Note that the whole issue comes from Chu Hsi himself. The real problematic in Chu Hsi’s metaphysics is that, despite his emphasis on the inseparability and interdependence of i and ki in concert phenomena, he definitely affirmed that i and ki are ontologically and conceptually distinguishable. More to the point, this led him to suggest that, although the Four and the Seven are both feelings, they are, like i and ki, different from an ontological and conceptual frame of reference and, therefore, can be represented by i and ki, respectively. The question is, What did he really intend to mean? There is no clear answer to this question, but it can addressed in terms of his philosophy of the mind, human nature, and feelings. Of course, this was a central issue in the Korean Four-Seven debates.

According to Chu Hsi, the mind combines i and ki and commands human nature and feelings.

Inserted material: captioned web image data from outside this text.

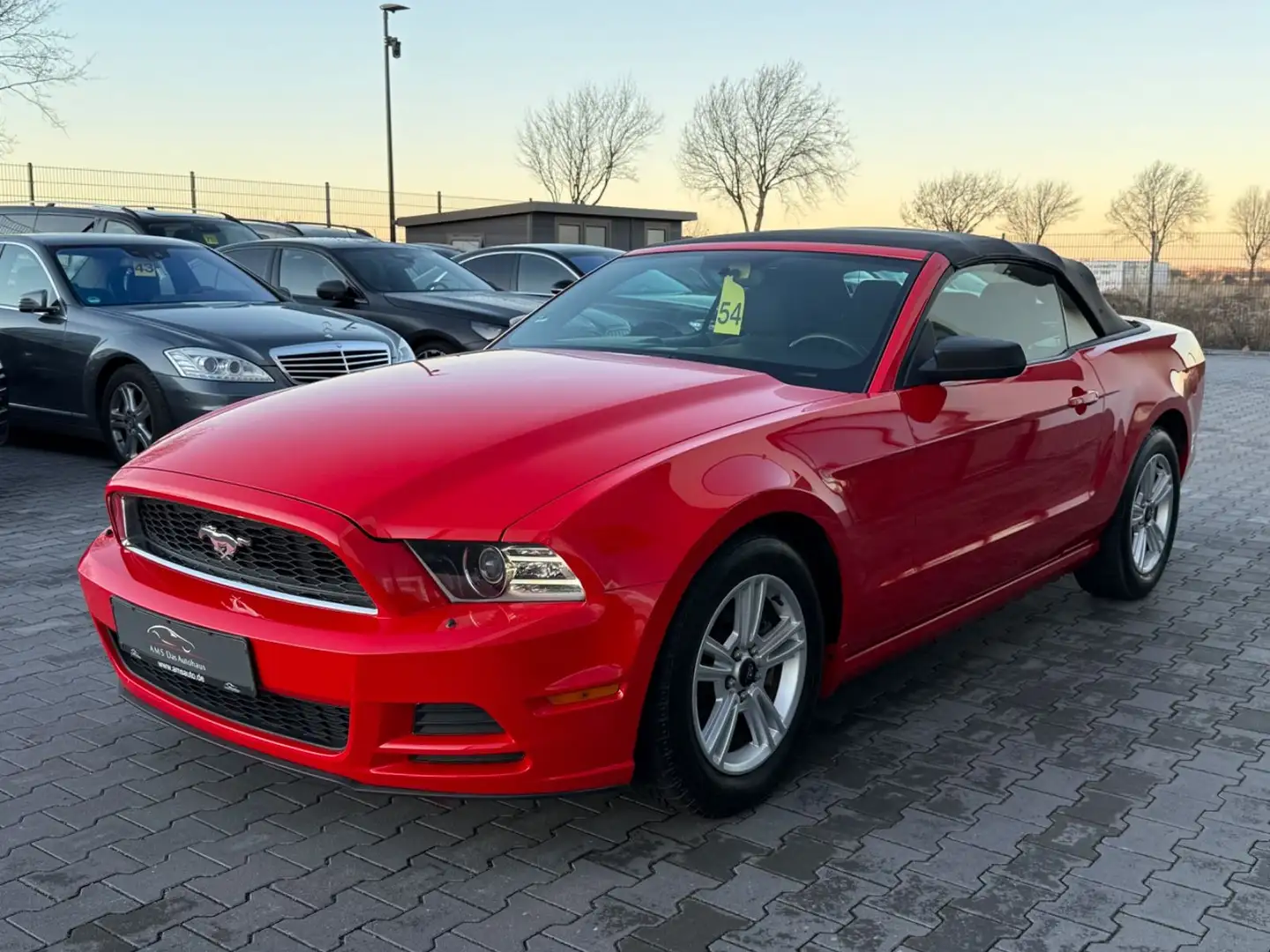 Ford Mustang Cabrio 3.8 Automatik Rot - 1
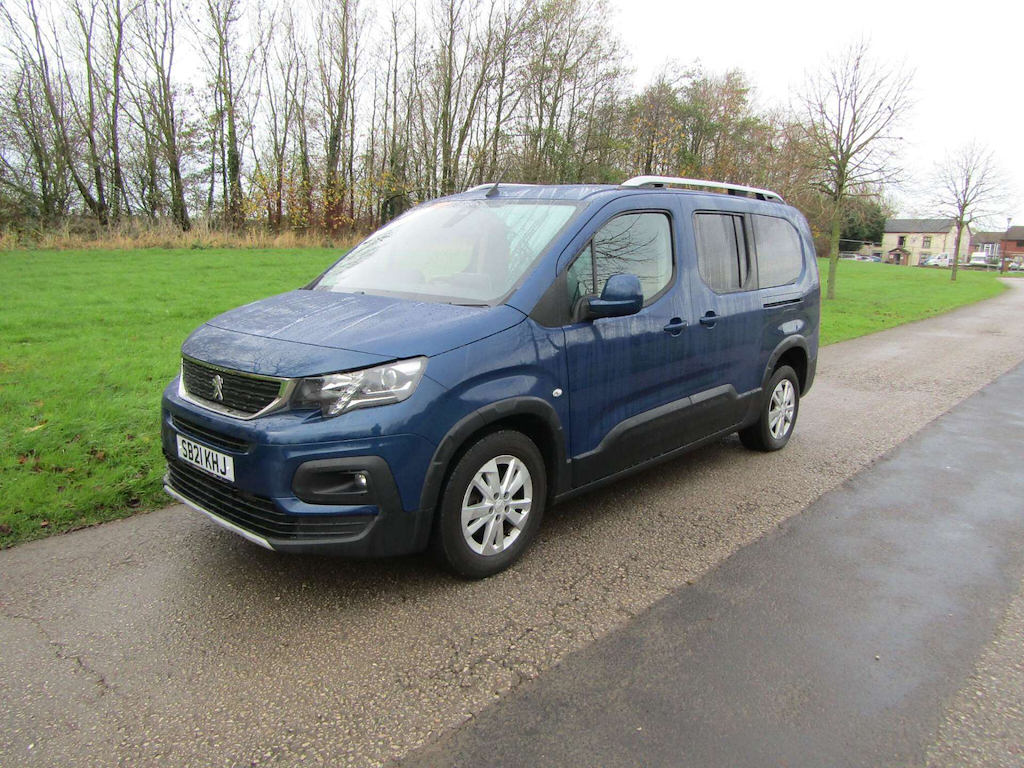 
								Peugeot Rifter full									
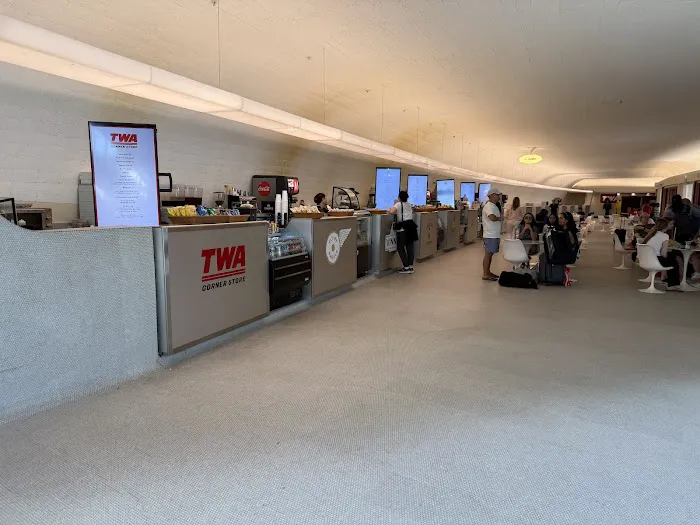 Departures Foodhall Picture 9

Both the Four and the Seven are feelings, the aroused states of the mind. It follows hat feelings can be manifestations of either i or ki. But Chu Hsi also argued that the Four are fundamentally moral feelings, and Seven can be selfish feelings or desires. Does this, then, imply that the Four cannot energised by ki in the same manner that the Seven are? Should the Four be represented by i only? These questions were significant for the Korean Neo-Confucians. Other questions included the the following. How can the Four Beginnings be discussed independent of material force? Furthermore, how can principle, which is explicitly interpreted by Chu Hsi as a passive and Fomless entity in itself, have its own self-manifesting power to emanate the Four Beginnings? Hence, Chu Hsi’s whole metaphysics of i and ki and his moral and psychological philosophy were critically reexamined through the unique Korean style off systematic reasoning and creative interpretation.